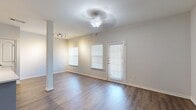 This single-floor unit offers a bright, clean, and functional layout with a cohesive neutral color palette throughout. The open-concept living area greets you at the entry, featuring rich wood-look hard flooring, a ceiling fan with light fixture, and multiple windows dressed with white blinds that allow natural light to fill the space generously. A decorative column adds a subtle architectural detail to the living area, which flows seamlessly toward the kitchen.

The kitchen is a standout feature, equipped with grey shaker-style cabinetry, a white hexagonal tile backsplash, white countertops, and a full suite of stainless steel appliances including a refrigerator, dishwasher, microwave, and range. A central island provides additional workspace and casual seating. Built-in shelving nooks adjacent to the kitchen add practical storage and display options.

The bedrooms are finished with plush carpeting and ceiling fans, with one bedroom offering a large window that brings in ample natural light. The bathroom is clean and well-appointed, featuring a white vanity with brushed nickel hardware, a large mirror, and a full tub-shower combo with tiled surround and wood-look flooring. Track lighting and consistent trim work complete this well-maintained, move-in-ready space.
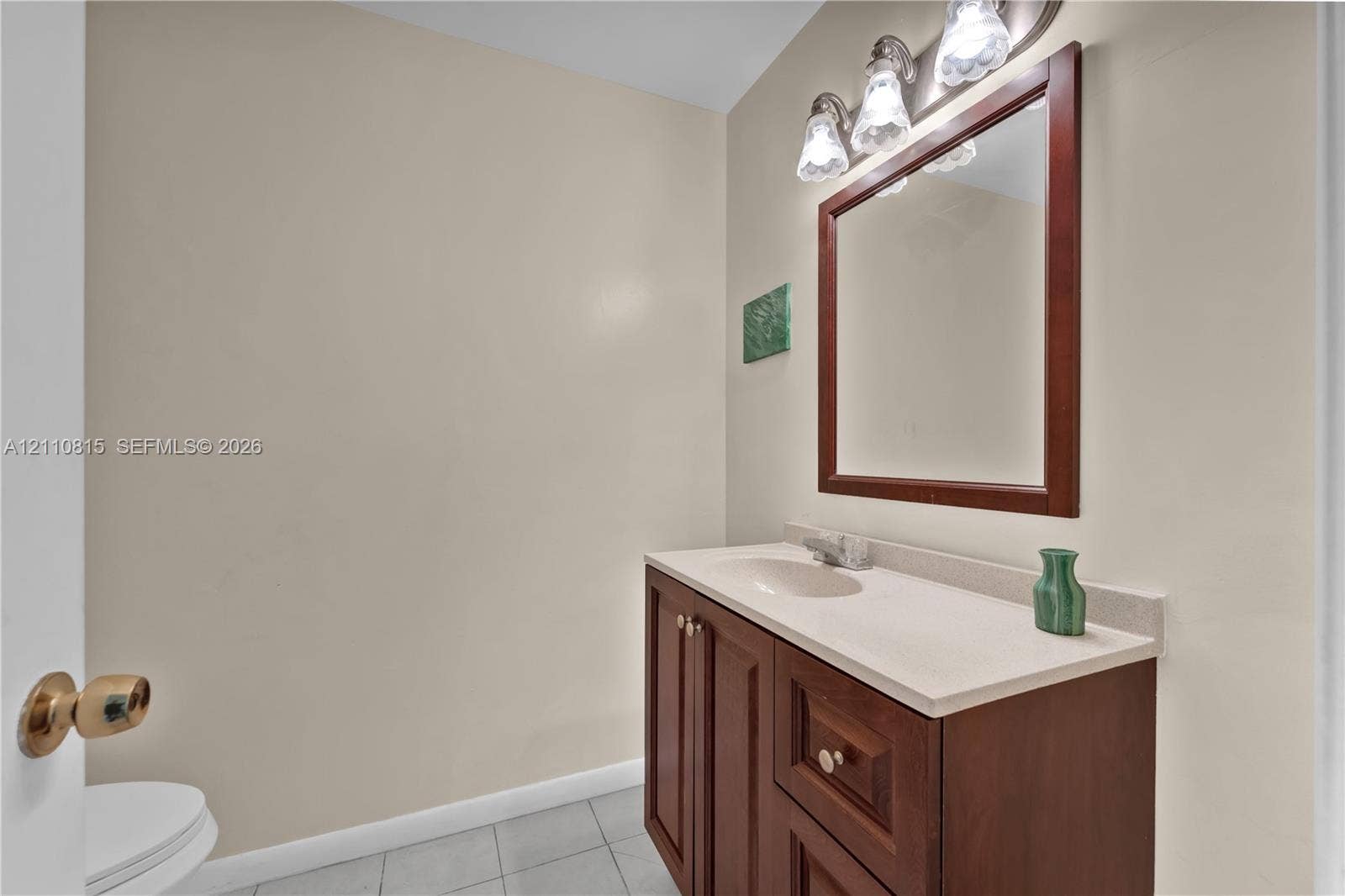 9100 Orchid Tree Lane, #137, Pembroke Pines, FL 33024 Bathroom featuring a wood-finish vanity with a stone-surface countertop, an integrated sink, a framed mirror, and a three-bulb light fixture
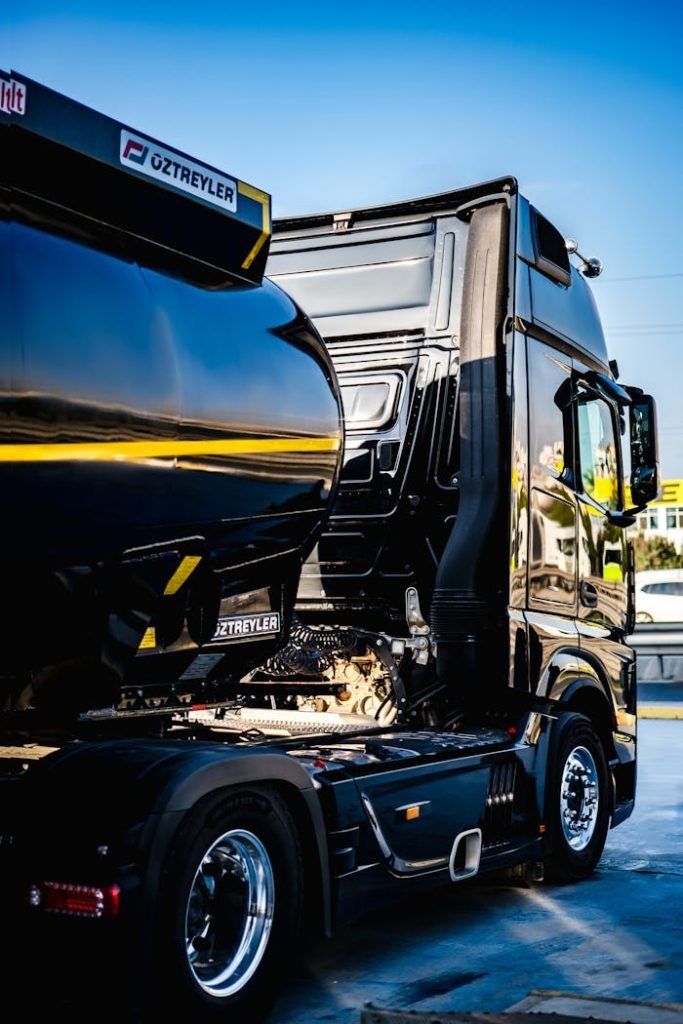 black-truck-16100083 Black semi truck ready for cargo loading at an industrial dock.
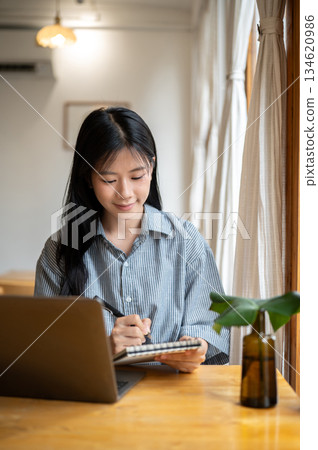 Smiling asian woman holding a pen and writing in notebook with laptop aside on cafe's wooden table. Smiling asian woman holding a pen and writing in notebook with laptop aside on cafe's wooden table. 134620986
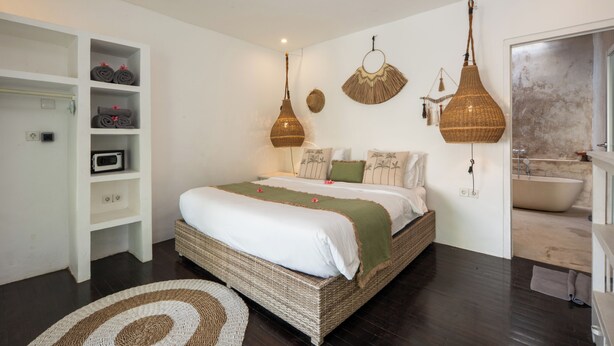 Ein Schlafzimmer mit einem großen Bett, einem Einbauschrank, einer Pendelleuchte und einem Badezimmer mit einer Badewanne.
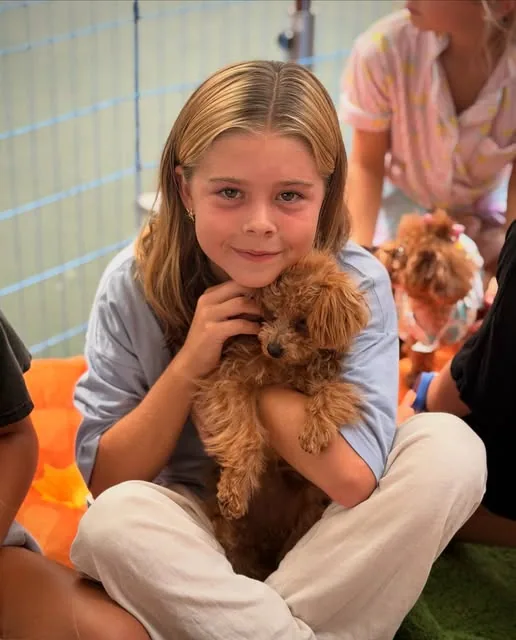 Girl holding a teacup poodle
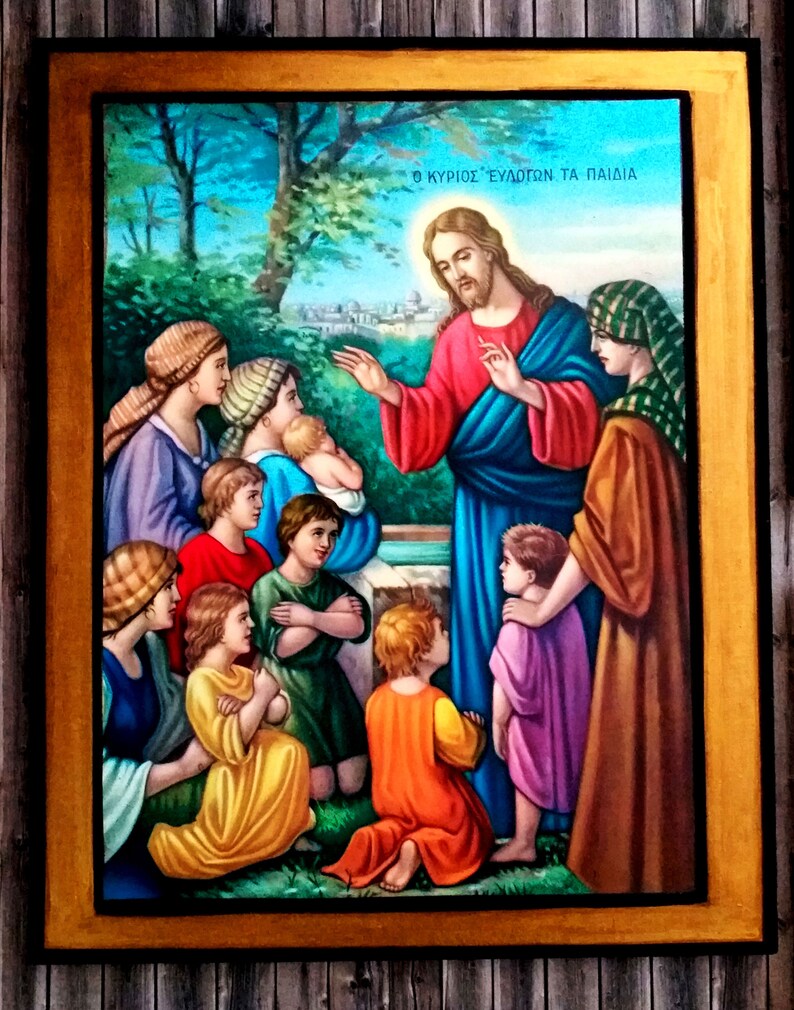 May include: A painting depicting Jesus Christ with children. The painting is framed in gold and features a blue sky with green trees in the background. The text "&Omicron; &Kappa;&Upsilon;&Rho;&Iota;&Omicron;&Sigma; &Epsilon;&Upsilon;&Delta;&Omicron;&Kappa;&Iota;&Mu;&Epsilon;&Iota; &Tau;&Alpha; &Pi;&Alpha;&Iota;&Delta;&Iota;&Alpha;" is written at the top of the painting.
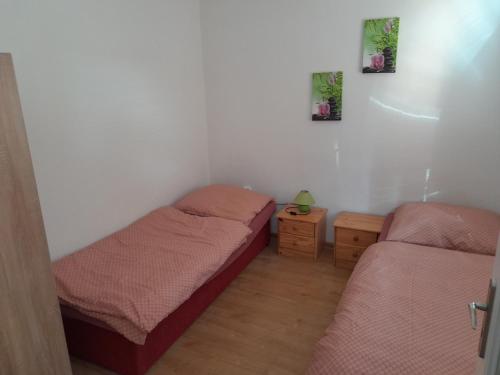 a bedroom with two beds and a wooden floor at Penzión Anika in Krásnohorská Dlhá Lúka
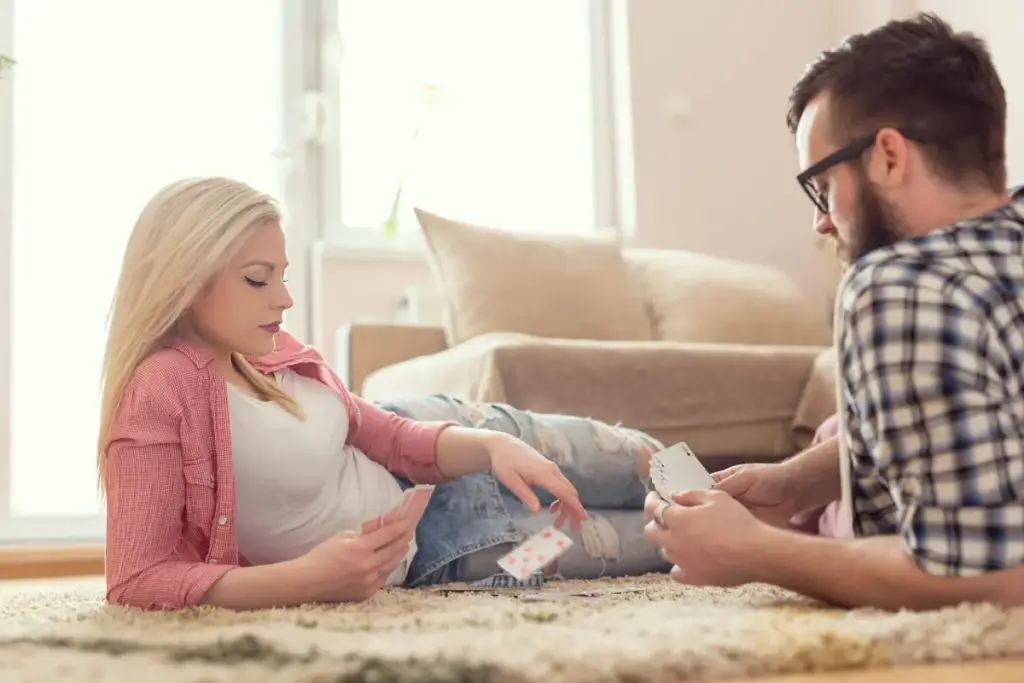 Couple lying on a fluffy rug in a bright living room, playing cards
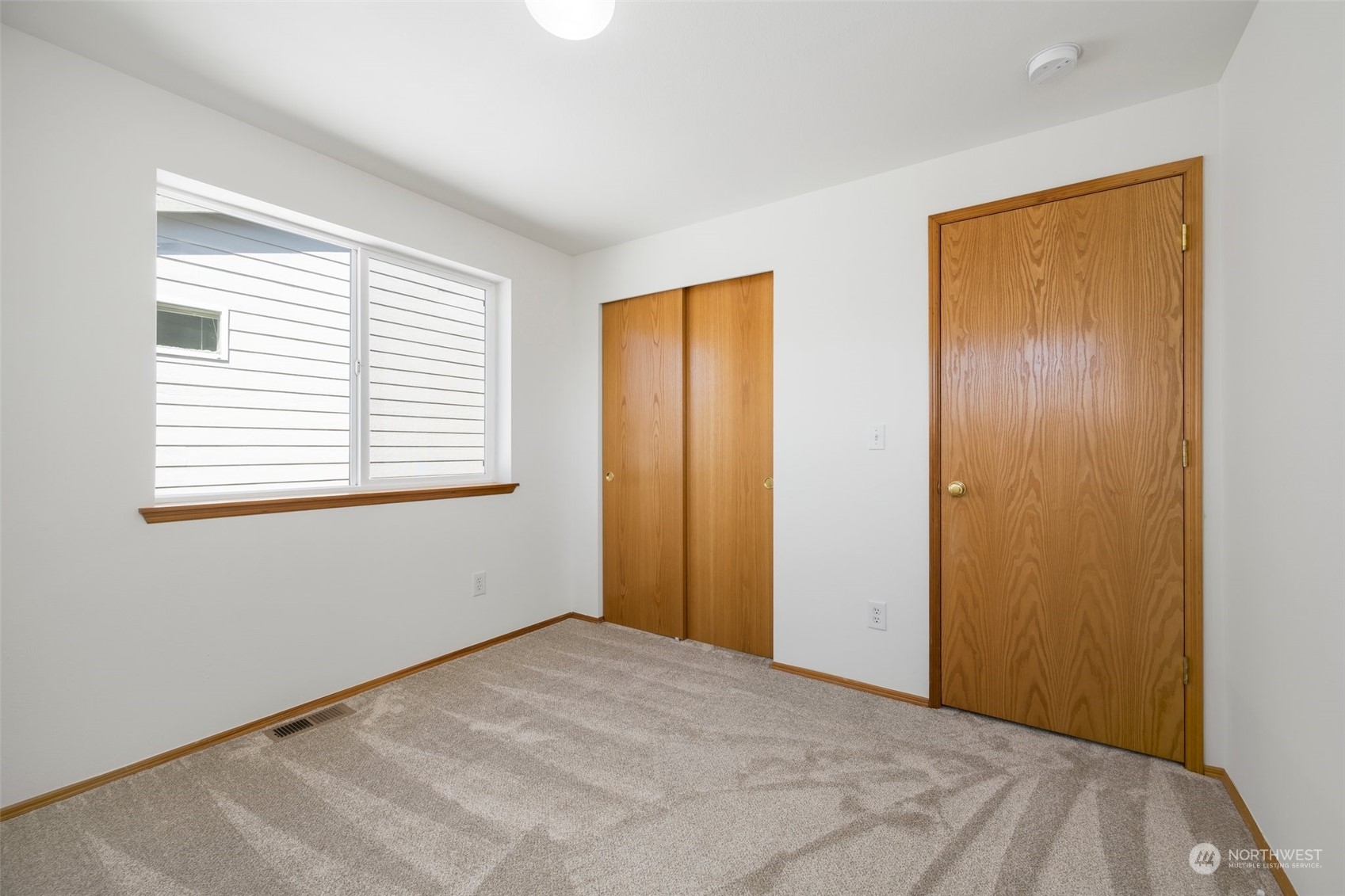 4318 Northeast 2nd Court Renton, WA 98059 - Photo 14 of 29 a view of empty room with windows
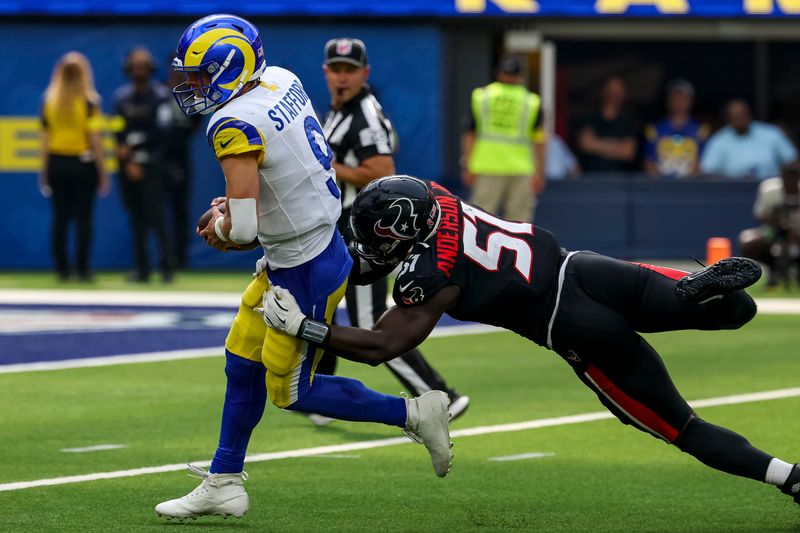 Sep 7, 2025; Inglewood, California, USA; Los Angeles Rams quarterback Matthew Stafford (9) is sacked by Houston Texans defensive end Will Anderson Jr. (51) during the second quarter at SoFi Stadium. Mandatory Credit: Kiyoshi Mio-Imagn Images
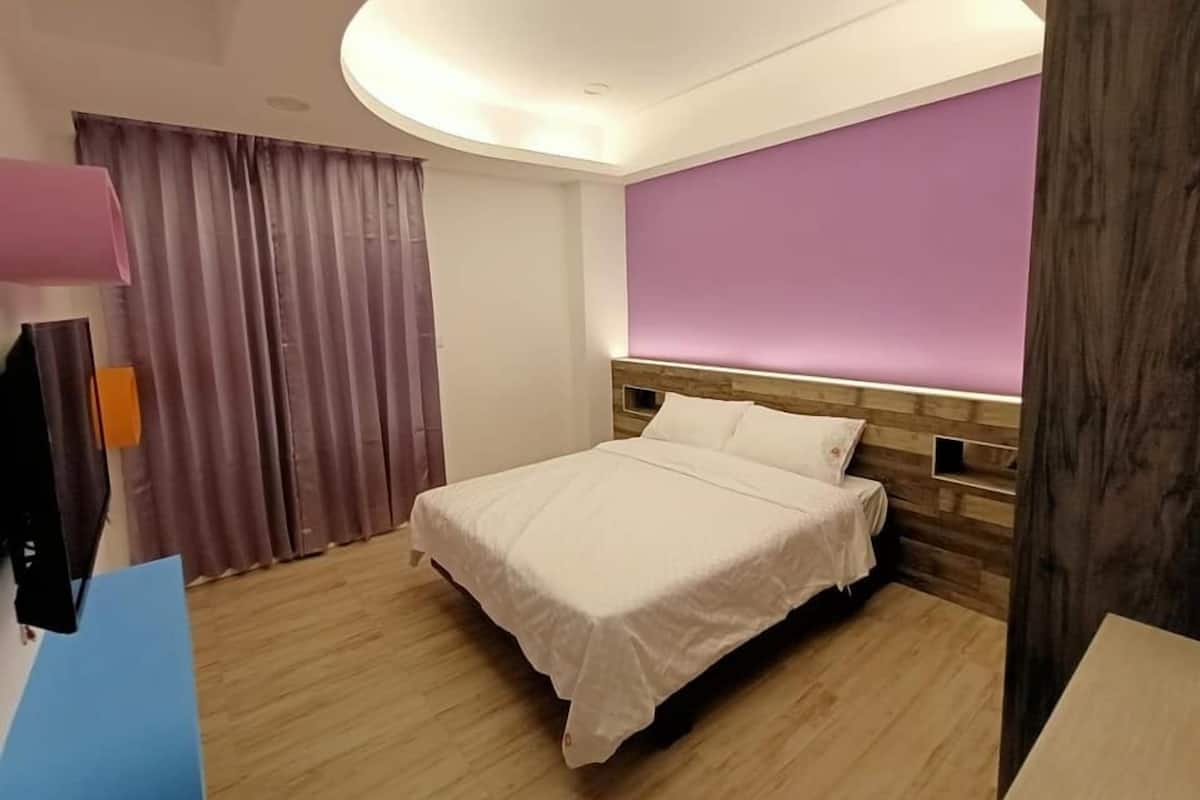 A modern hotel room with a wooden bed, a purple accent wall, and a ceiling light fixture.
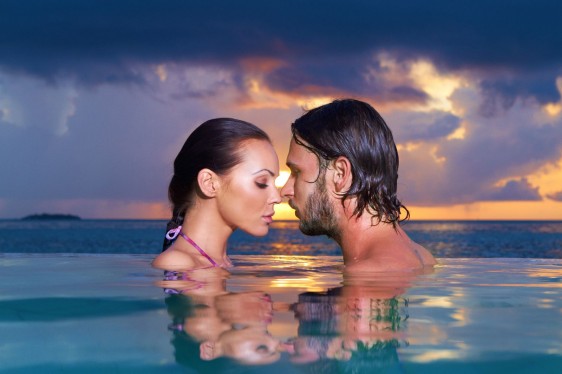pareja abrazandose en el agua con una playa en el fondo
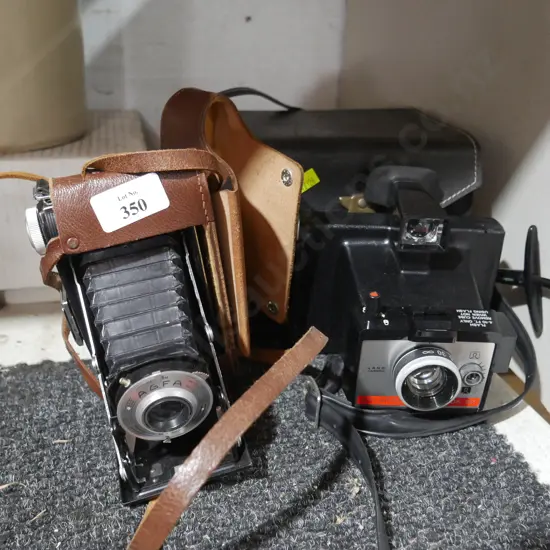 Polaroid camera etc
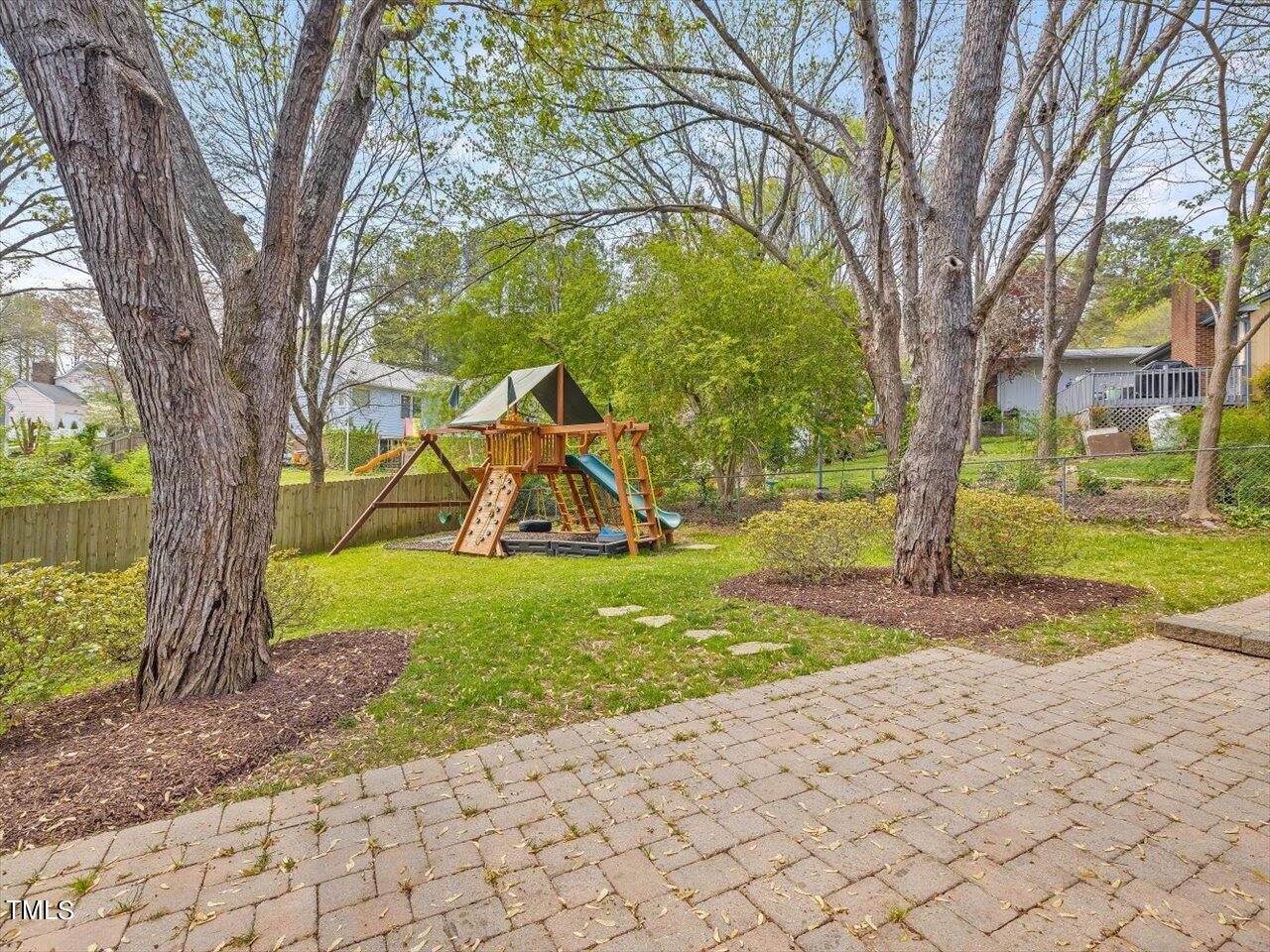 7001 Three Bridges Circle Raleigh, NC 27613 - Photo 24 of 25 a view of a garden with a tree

__________________________________________________

• _Task goal_
Please retype, exactly and with the pictures left out, the lines from the line containing "A modern hotel" through the last line of the records above.

• _Exercise answer_
 A modern hotel room with a wooden bed, a purple accent wall, and a ceiling light fixture.
pareja abrazandose en el agua con una playa en el fondo
 Polaroid camera etc
 7001 Three Bridges Circle Raleigh, NC 27613 - Photo 24 of 25 a view of a garden with a tree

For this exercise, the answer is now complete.